The article hits a lot on the topic of moms needing needing help with the kids. While I can empathize with that, I will say I do get breaks during nap and in the evening, so I manage okay. But I imagine there are moms out there who don’t get a lot of down time that could really use a helping hand. And I have my husband’s parents in town who babysit whenever we need help. Others don’t have that option. Eons ago you raised kids with a large extended family, so raising kids was everybody’s job (my reference to “it takes a village”). Now it’s just mom (or dad) and kids at home and it can be very isolating and depressing, even with school and playgroups and activities.
And moms don’t get a “vacation”. I joke with Chad that when he leaves work, he’s done working for the day. My work is never done. I’m always doing something for my “job”, from the time I get up to the time I go to bed. And when he’s home I do get a break since he can help out. But it’s not the same as leaving your 8 to 5-er.
Don’t get me wrong, I’m not complaining, per se. I wanted to stay home with my kids. We chose this life. I could have very easily stayed at my job.
I just think stay-at-home-moms don’t get even close to the credit they deserve.

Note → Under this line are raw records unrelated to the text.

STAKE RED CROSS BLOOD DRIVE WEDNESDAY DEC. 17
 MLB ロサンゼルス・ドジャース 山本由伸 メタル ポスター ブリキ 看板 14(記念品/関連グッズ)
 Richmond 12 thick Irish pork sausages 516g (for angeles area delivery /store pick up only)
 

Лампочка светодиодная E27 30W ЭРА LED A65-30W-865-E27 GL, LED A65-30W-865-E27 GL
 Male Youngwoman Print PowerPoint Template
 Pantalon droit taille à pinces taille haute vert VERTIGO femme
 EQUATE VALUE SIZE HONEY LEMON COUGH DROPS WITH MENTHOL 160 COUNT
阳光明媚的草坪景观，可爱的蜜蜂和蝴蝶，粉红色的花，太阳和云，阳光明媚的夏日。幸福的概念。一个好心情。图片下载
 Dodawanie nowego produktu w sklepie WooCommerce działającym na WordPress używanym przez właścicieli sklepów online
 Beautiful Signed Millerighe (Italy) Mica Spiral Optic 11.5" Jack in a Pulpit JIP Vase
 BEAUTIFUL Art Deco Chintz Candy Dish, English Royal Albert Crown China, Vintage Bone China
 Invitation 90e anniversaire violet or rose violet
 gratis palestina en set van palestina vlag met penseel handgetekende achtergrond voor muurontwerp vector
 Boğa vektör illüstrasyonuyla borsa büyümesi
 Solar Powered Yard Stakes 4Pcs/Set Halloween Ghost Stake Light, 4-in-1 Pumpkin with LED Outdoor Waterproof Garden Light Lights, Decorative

When you mention that you’re a SAHM you get responses like “Oh, you have such a hard job!” or “Oh, staying home with kids is so rewarding!”. But I often feel people say it just because they “have to”. Because they don’t want to look like a snob by saying what they really think “How hard can it be to stay home with your kids?” (Except for those moms who have stayed home with their kids. They know.)
Well if you’ve never done it, you don’t even know the half of it. It is without a doubt the hardest job and yet the most fulfilling job you’ll ever have. And I’m so glad that I have the opportunity.